Logo Questions Linux Laravel Mysql Ubuntu Git Menu
 

Most efficient way to split strings in Python

My current Python Project will require a lot of string splitting to process incoming packages. Since I will be running it on a pretty slow system, I was wondering what the most efficient way to go about this would be. The strings would be formatted something like this:

Item 1 | Item 2 | Item 3 <> Item 4 <> Item 5 

Explanation: This particular example would come from a list where the first two Items are a title and a date, while Item 3 to Item 5 would be invited people (The number of those can be anything from zero to n, where n is the number of registered users on the server).

From what I see, I have the following options:

  1. repeatedly use split()
  2. Use a regular expression and Regex functions
  3. Some other Python functions I have not thought about yet (There are probably some)

Solution 1 would include splitting at | and then splitting the last element of the resulting list at <> for this example, while solution 2 would probably result in a regular expression like:

((.+)|)+((.+)(<>)?)+

Okay, this RegEx is horrible, I can see that myself. It is also untested. But you get the idea.

Now, I am looking for the way that a) takes the least amount of time and b) ideally uses the least amount of memory. If only one of the two is possible, I would prefer less time.
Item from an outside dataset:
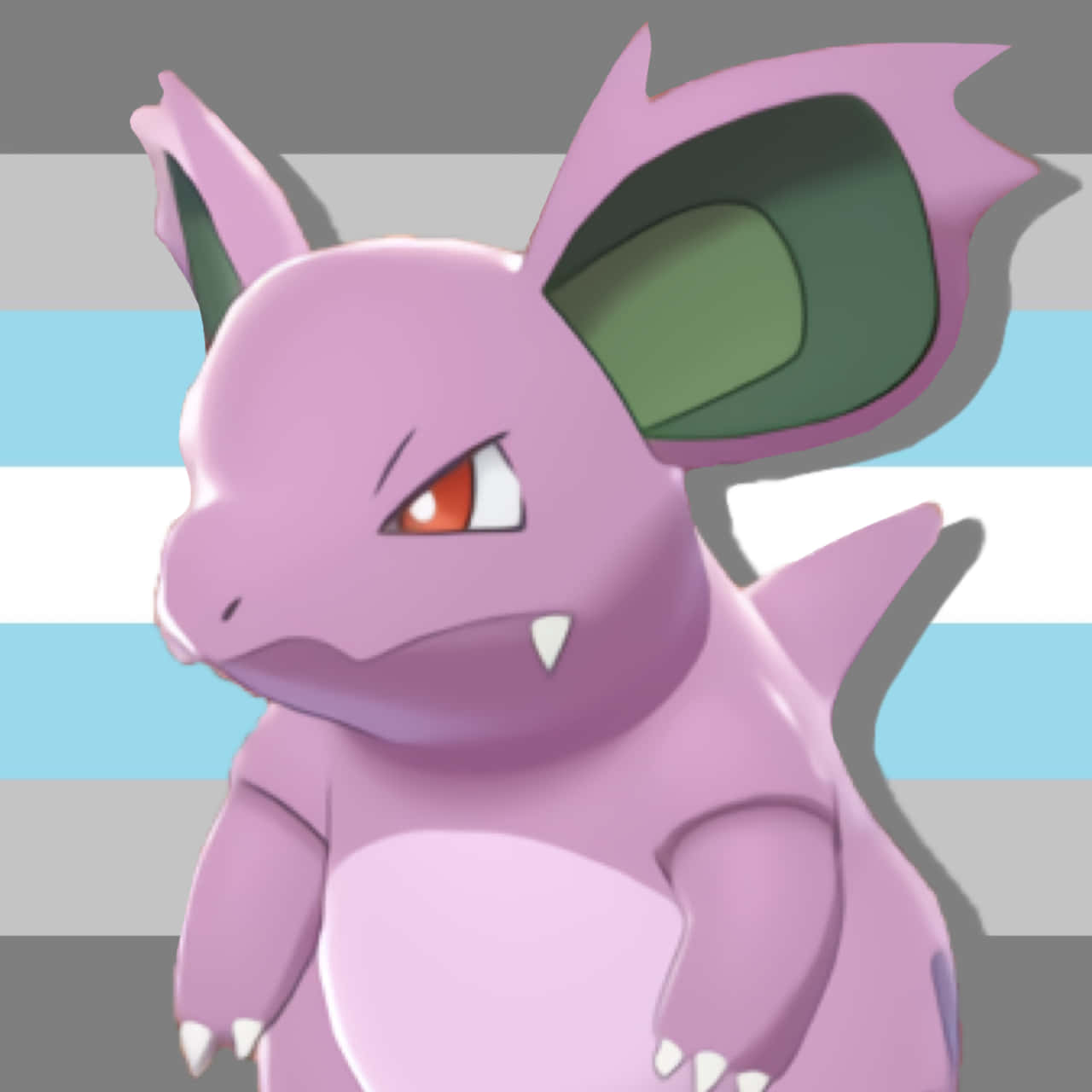Nidorina púrpura con bandera del orgullo demiboy Fondos de pantalla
The ideal solution would also work for Strings that have more Items seperated with | and strings that completely lack the <>. At least the Regular Expression-based Solution would do that

My understanding would be that split() would use more memory (since you basically get two resulting lists, one that splits at | and the second one that splits at <>), but I don't know enough about Pythons implementation of regular Expressions to judge how the RegEx would perform. split() is also less dynamic than a regular expression if it somes to different numbers of Items and the absence of the second seperator. Still, I can't shake the impression that python can do this better without regular expressions, that's why I am asking

Some notes:

  • Yes, I could just benchmark both solutions, but I'm trying to learn something about python in general and how it works here, and if I just benchmark these two, I still don't know what python functions I have missed.
  • Yes, optimizing at this level is only really required for high-performance stuff, but as I said, I am trying to learn things about python.
  • Addition: in the original question, I completely forgot to mention that I need to be able to distinguish the parts that were seperated by | from the parts with the seperator <>, so a simple flat list as generated by re.split(\||<>,input) (as proposed by @obmarg) will not work too well. Solutions fitting this criterium are much appreciated.

To sum the question up: Which solution would be the most efficient one, for what reasons.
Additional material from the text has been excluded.